Atacam os efeitos, não as causas
Nessa abominável epidemia de dengue no Rio de Janeiro e adjacências, devem ser repartidas as responsabilidades entre os governos municipal, estadual e federal. Agora que os cidadãos cariocas e fluminenses andam em pânico, com as autoridades desdobrando-se para encontrar meios e leitos para atender os infectados, seria bom perguntar porque, desde o governo Fernando Henrique, demitiram quase todos os mata-mosquitos em atividade na antiga capital. Ou porque o governo do companheiro Lula manteve a decisão.
Os diversos governos do Estado do Rio de Janeiro, inclusive o atual, deram de ombros para a defasagem de hospitais públicos e postos de saúde, pois, afinal, eles não dão lucro. Só prejuízo. E quanto à Prefeitura do Rio, por que paralisou a atividade daqueles fumigadores que percorriam bairros e subúrbios jogando fumaça pelas ruas, sabendo-se ser a solução para reduzir a proliferação dos mosquitos? Agora, além de correr atrás, cada um dos responsáveis põe a culpa no outro. Saber se a epidemia é federal, estadual ou municipal torna-se a grande questão...
Assessores para fora!
Na reunião da Comissão de Serviços de Infra-Estrutura do Senado, esta semana, seu presidente, Marconi Perilo, precisou interromper os trabalhos e mandar que saíssem do plenário assessores do PT, acusados de tumultuar a ação de seus próprios senadores. Perilo formulou reclamação por escrito ao presidente do Senado, Garibaldi Alves, que prometeu tomar providências.
Assim é demais
De vez em quando a oposição extrapola. Foi o que fez o presidente do Democratas, Rodrigo Maia, ao entrar com ação no Supremo Tribunal Federal pedindo que o presidente Lula interrompa suas viagens pelo País, sob a alegação de estar fazendo campanha em ano de eleições municipais. Em campanha o presidente está, não se duvida, mas voltado para a sucessão de 2010, até com Dilma Rousseff a tiracolo. Nos palanques, não se ouviu até agora uma só recomendação do Lula em favor de candidatos a prefeito. Proibi-lo de fiscalizar obras do PAC, porém, é demais.
Sem regulamentação
Promulgada em 1988, a Constituição deixou mais de cem nós para a lei ordinária desatar. Numa série de debates, os constituintes não chegavam a uma conclusão, na acirrada disputa entre o chamado Centrão e os Progressistas. Os trabalhos entravam pelo segundo ano com impasses tão importantes quanto variados. Assim, o presidente Ulysses Guimarães encontrou uma solução "à brasileira": deixar que a lei ordinária definisse aquilo que a Constituição não conseguia. Foi fixado o prazo de cinco anos improrrogáveis para o Congresso agir.

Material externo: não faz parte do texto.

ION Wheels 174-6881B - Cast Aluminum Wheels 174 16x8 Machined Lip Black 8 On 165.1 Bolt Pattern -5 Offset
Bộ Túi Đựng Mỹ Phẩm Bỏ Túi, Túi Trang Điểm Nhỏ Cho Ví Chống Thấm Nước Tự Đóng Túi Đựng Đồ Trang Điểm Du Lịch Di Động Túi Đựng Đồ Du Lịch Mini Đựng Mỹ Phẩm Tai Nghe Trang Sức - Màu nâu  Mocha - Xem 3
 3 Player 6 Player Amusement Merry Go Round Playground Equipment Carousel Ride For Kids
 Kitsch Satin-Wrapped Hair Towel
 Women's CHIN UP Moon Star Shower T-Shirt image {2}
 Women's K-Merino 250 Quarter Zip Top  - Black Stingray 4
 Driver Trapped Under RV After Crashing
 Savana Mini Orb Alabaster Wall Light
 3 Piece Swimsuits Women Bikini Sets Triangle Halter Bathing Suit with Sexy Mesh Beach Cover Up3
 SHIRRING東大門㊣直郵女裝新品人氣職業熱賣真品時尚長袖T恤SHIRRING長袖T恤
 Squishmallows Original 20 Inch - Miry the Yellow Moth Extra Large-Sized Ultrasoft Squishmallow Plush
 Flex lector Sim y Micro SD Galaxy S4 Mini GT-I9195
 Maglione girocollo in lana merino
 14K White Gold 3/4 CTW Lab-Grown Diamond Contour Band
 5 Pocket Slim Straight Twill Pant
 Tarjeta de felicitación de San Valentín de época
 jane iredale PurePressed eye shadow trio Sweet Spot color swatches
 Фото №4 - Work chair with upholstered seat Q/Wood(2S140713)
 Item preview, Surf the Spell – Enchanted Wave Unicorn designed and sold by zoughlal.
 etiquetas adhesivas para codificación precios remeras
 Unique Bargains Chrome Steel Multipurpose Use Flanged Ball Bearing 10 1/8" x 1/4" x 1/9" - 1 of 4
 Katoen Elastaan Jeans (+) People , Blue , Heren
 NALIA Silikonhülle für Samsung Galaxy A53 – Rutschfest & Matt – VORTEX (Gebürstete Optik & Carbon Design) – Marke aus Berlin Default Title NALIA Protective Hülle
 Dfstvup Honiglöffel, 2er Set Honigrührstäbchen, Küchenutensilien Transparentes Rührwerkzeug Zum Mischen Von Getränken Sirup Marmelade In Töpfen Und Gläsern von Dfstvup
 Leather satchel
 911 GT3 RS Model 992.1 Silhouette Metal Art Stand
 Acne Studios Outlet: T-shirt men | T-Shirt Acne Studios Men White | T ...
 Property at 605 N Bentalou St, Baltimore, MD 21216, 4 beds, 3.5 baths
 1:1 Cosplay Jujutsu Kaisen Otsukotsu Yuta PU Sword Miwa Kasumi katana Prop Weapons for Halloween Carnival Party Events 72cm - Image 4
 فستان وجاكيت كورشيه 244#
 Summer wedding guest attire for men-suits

Em muito caso, até hoje não agiu. Falta, por exemplo, regulamentar o princípio de que a lei criará mecanismos para a defesa do cidadão e da família contra os excessos da programação do rádio e da televisão. Deputados e senadores fogem desse encargo como o diabo da cruz. Ou irão indispor-se contra as grandes redes de televisão, cerceando suas atividades, mesmo se for para impedir parte do lixo que flui das telinhas?
Existem outras definições a adotar. Entre elas a da greve dos funcionários públicos. Só esta semana estão parados os advogados da União, os funcionários da Receita Federal e dos Correios. Sem falar que em passado recente entraram em greve policiais federais, servidores do Banco Central, do Ibama, do Incra e de quantas outras repartições? É preciso uma solução moderna para defender o cidadão, já que a lei anterior não defende.